HON. ROBERT HOLMES BELL
CORINTHIAN COLLEGES, INC.,
Defendant.
/
OPINION
This is a consumer protection matter file pursuant to the Telephone Consumer Protection Act
(TCPA), 47 U.S.C. § 227. The matter is presently before the Court on Defendant’s motion to dismiss
for failure to state a claim pursuant to Fed. R. Civ. P. 12(b)(6) (Dkt. No. 9). Defendant filed this
motion after Plaintiff amended her complaint (Dkt. No. 7). Plaintiff has now filed a response (Dkt.
No. No. 10) to which Defendant has replied (Dkt. No. 12). Plaintiff has also filed two unpublished
district court cases as supplemental authority (Dkt. Nos. 11, 13).
The issue before the Court is whether, under the pleading standards of Rule 8, Iqbal, and
Twombly, a plaintiff in a TCPA action must plead her cellular telephone number to state a plausible
claim for relief. The Court holds that such a pleading is required, and therefore will grant
Defendant’s motion.
I.
This case arises from Defendant’s alleged contacts with Plaintiff over the last four years.
(Am. Compl., Dkt. No. 7 ¶ 7.) Plaintiff alleges that when she would answer the phone she would
hear pre-recorded messages or be connected to a live representative after several seconds of silence.
(Id. ¶¶ 9, 10.) The calls offered Plaintiff the opportunity to enroll in classes at Defendant’s school.
(Id. ¶ 9.) Plaintiff informed a live representative in October 2013 that she was not interested in
Defendant’s services and that she did not want to receive automated calls anymore. (Id. ¶ 11.)

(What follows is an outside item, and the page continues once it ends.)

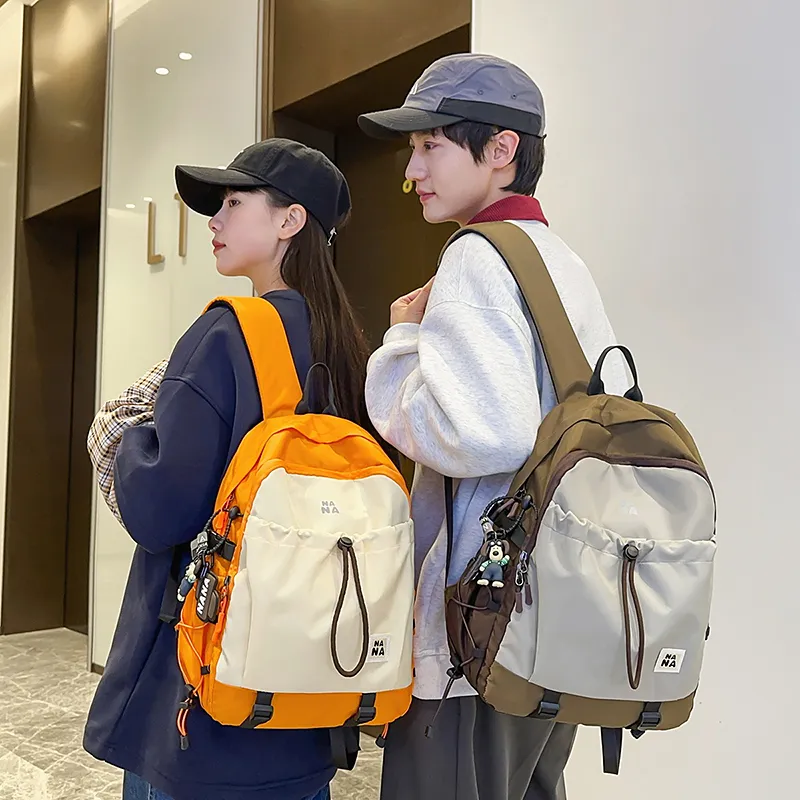 Vack Nylon Backpack Unisex Multicolor-19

Plaintiff alleges that Defendant continued to contact her. (Id. ¶¶ 12, 13.) Plaintiff claims all of these
calls were made to her cellular telephone, the number to which she does not provide. (Id. ¶ 8.)

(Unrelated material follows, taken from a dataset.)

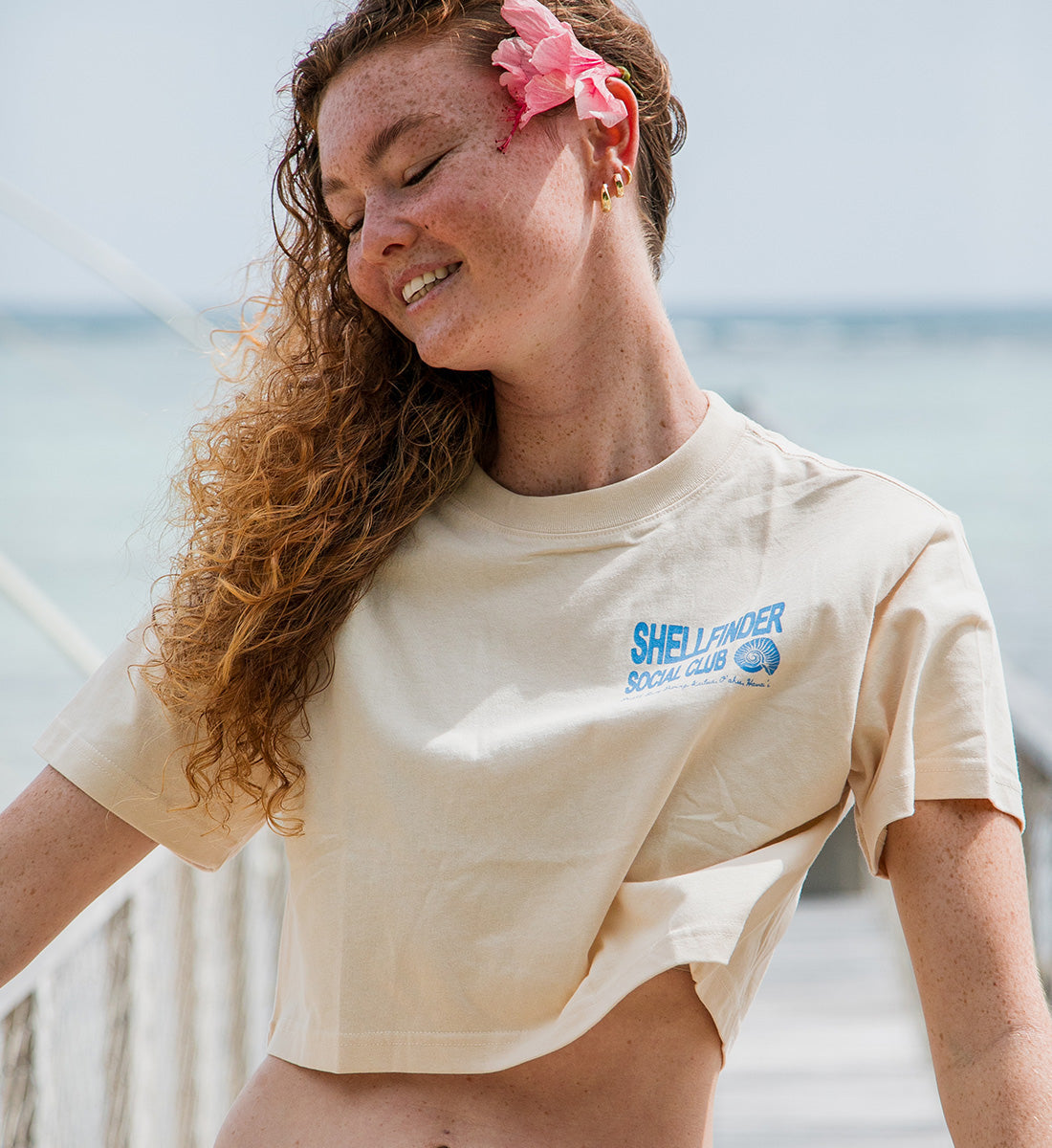 Shellfinder Social Club Crop-Top - Bone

Plaintiff filed the present lawsuit on November 11, 2013. Defendant filed its first motion to
dismiss on December 11, 2013 (Dkt. No. 5). Plaintiff responded (Dkt. No. 8) but also filed an
amended complaint (Dkt. No. 7) on January 2, 2014. Defendant then filed the present motion to
dismiss, arguing that Plaintiff’s amended complaint continues to fail to state a claim upon which
relief can be granted because the complaint fails to give Defendant fair notice of “what the claim is
and the grounds upon which it rests.” (Def.’s Mot., Dkt. No. 9 at 2.)
II.
In reviewing a Rule 12(b)(6) motion to dismiss, the Court must “‘construe the complaint in
the light most favorable to the plaintiff, accept its allegations as true, and draw all reasonable
inferences in favor of the plaintiff,’” but “‘need not accept as true legal conclusions or unwarranted
factual inferences.’” Hunter v. Sec’y of U.S. Army, 565 F.3d 986, 992 (6th Cir. 2009) (quoting Jones
v. City of Cincinnati, 521 F.3d 555, 559 (6th Cir. 2008)). Under the federal notice pleading
standards, a complaint must contain “a short and plain statement of the claim showing how the
pleader is entitled to relief.” Fed. R. Civ. P. 8(a)(2). The purpose of this statement is to “give the
defendant fair notice of what the claim is and the grounds upon which it rests.” Bell Atl. Corp. v.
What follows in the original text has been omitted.